Coordinates: 40 ° 14 ′ 3 ″ N , 34 ° 41 ′ 46 ″ E
Alaca Höyük (also Alacahöyük or Alaca Hüyük ) is a settlement mound near the village of the same name in the district of Alaca in the Turkish province of Çorum in Central Anatolia , 25 km northeast of Boğazkale . It is equated with the Hittite Zippalanda (Popko 1994) or Arinna , the cult place of the sun goddess (Erkut 1992).
Alaca Höyük was already from the second half of the 6th mill. BC, thus in the middle Chalcolithic , settled. In the middle of the 3rd millennium BC It was a settlement of the pre- Indo-European Hattier , of which, among other things, the princely graves found testify. In the time of the Hittite empire 1600–1200 BC It was an important city, but it was overshadowed by the not far away capital Hattuša . A possible identification with Zippalanda, Kuššara or Arinna is not certain. During this time, the settlement was expanded with a fortification with at least two gates. With the fall of the Hittite Empire, the history of the city ended for the time being. In the early 1st millennium BC The place was briefly inhabited by Phrygians .
Alaca Höyük was discovered in 1836 by the English geologist and explorer William John Hamilton . Theodor Makridi carried out his first research in 1907. In the 1930s, the Turkish archaeologists Hâmit Zübeyir Koşay and Remzi Oğuz Arık uncovered the so-called princely graves during excavation work on behalf of the Türk Tarih Kurumu , in which the bronze standards of Alaca Höyük were found along with other grave goods.
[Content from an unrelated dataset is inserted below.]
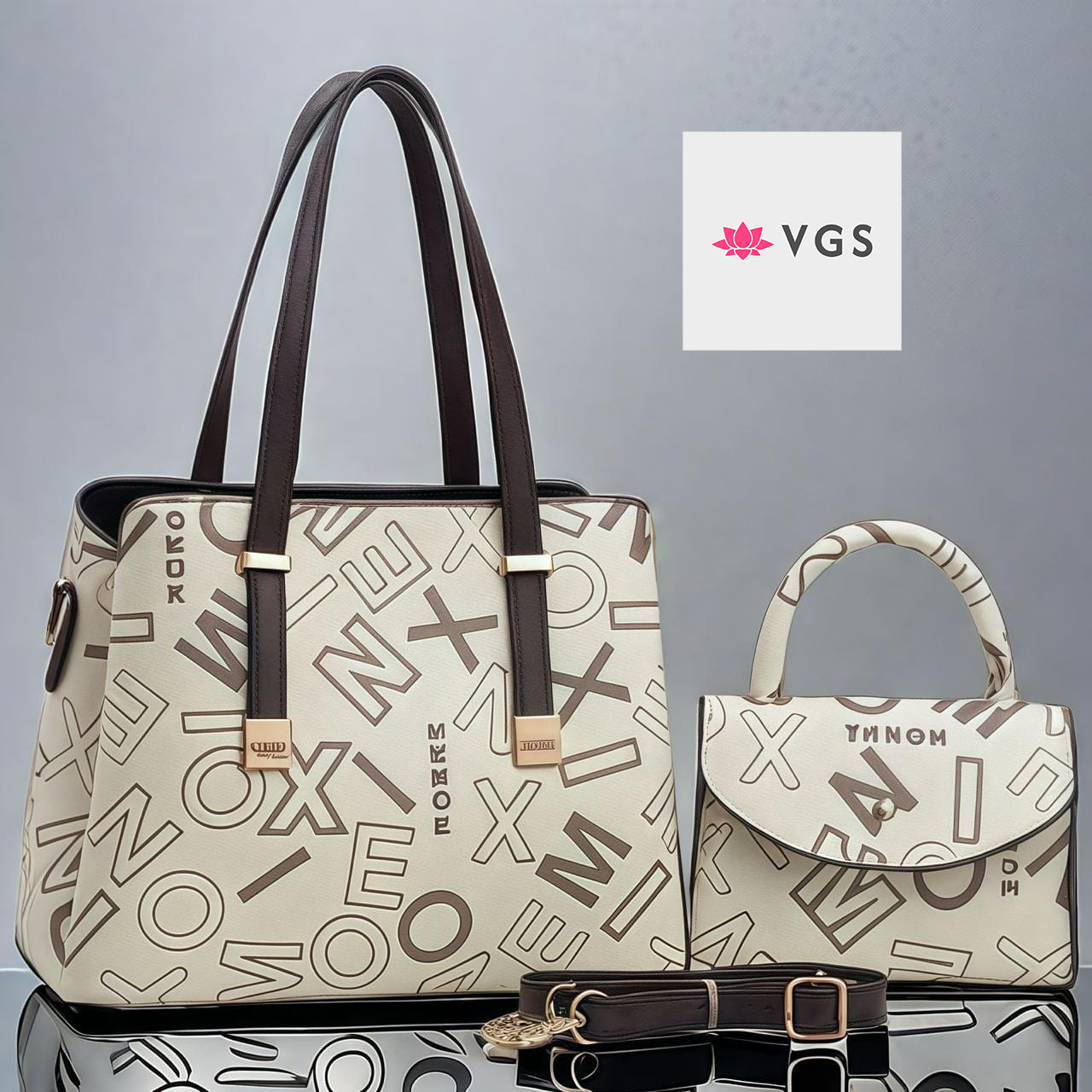 2-Piece Letter Print Tote Bag Set with Matching Crossbody Bag VGS-0H0D03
Since 1997 excavations by the University of Ankara under Aykut Çınaroğlu have been taking place. Since 2009, the German Mining Museum Bochum has been investigating the metal finds from the graves of Alaca Höyük in the Museum of Anatolian Civilizations in Ankara as part of the project, metal finds from the early Bronze Age princely graves of Alacahöyük, funded by the Fritz Thyssen Foundation . The finds are exhibited in the local museum and in the Çorum Archaeological Museum , except in Ankara .
In the course of the excavations from 2002 onwards, the Gölpınar dam , located 1.5 kilometers to the south, was exposed and made usable again by the Turkish Office for Water Management .
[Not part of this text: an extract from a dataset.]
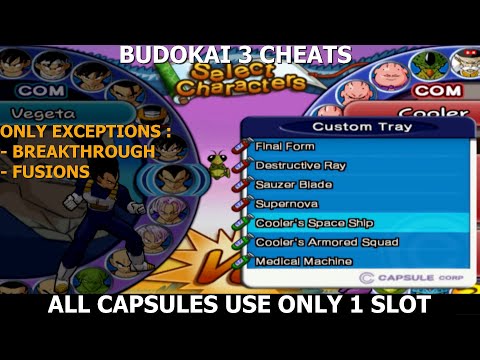 Dragon Ball Z Budokai 3 cheats : Capsules use 1 slot in the skills tray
- Maciej Popko : Zippalanda and Ankuwa once more. In: Journal of the American Oriental Society. Vol. 120, No. 3, 2000, pp. 445-448, doi : 10.2307 / 606014 .
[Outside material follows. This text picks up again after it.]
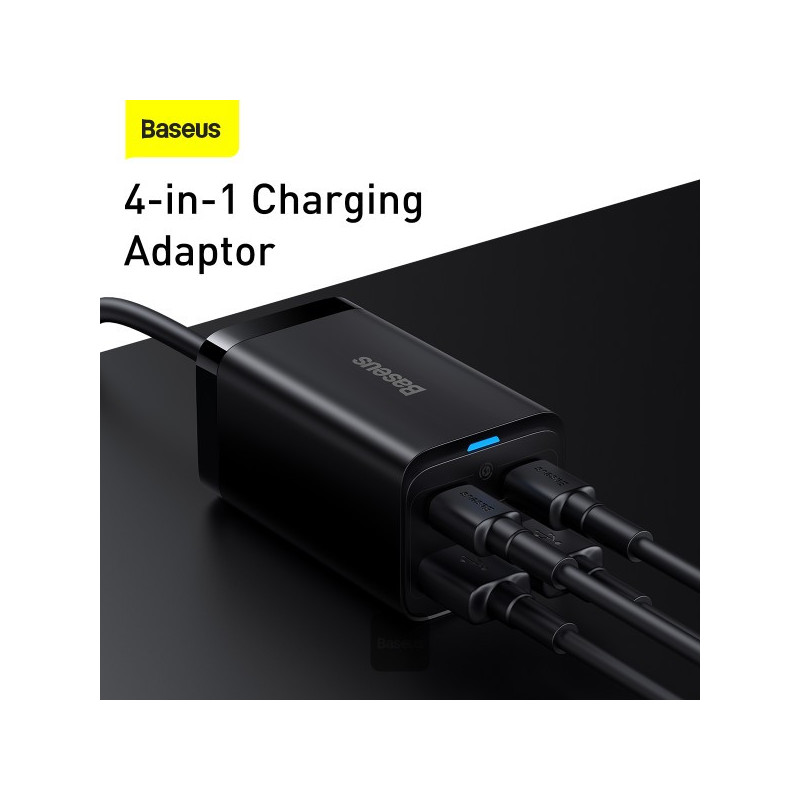 Baseus rýchlonabíjačka do siete GaN3 Pro, 2x USB-C, 2x USB 65W čierna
- Sedat Erkut: Hitit çağının önemli cools kenti Arinna'nin yeri. In: Heinrich Otten , Hayri Ertem, Ekrem Akurgal , Aygül Süel (Eds.): Hittite and other Anatolian and Near Eastern Studies in Honor of Sedat Alp. = Sedat Alp'a armağan. = Festschrift for Sedat Alp (= Anadolu Medeniyetlerini Araştırma Vakfı yayınları. 1, ZDB -ID 197594-8 ). Türk Tarih Kurumu Basımevi, Ankara 1992, pp. 159-165.
- Volkert Haas : History of the Hittite religion (= Handbook of Oriental Studies . Sect. 1: The Near and Middle East. 15). Brill, Leiden 1994, ISBN 90-04-09799-6 .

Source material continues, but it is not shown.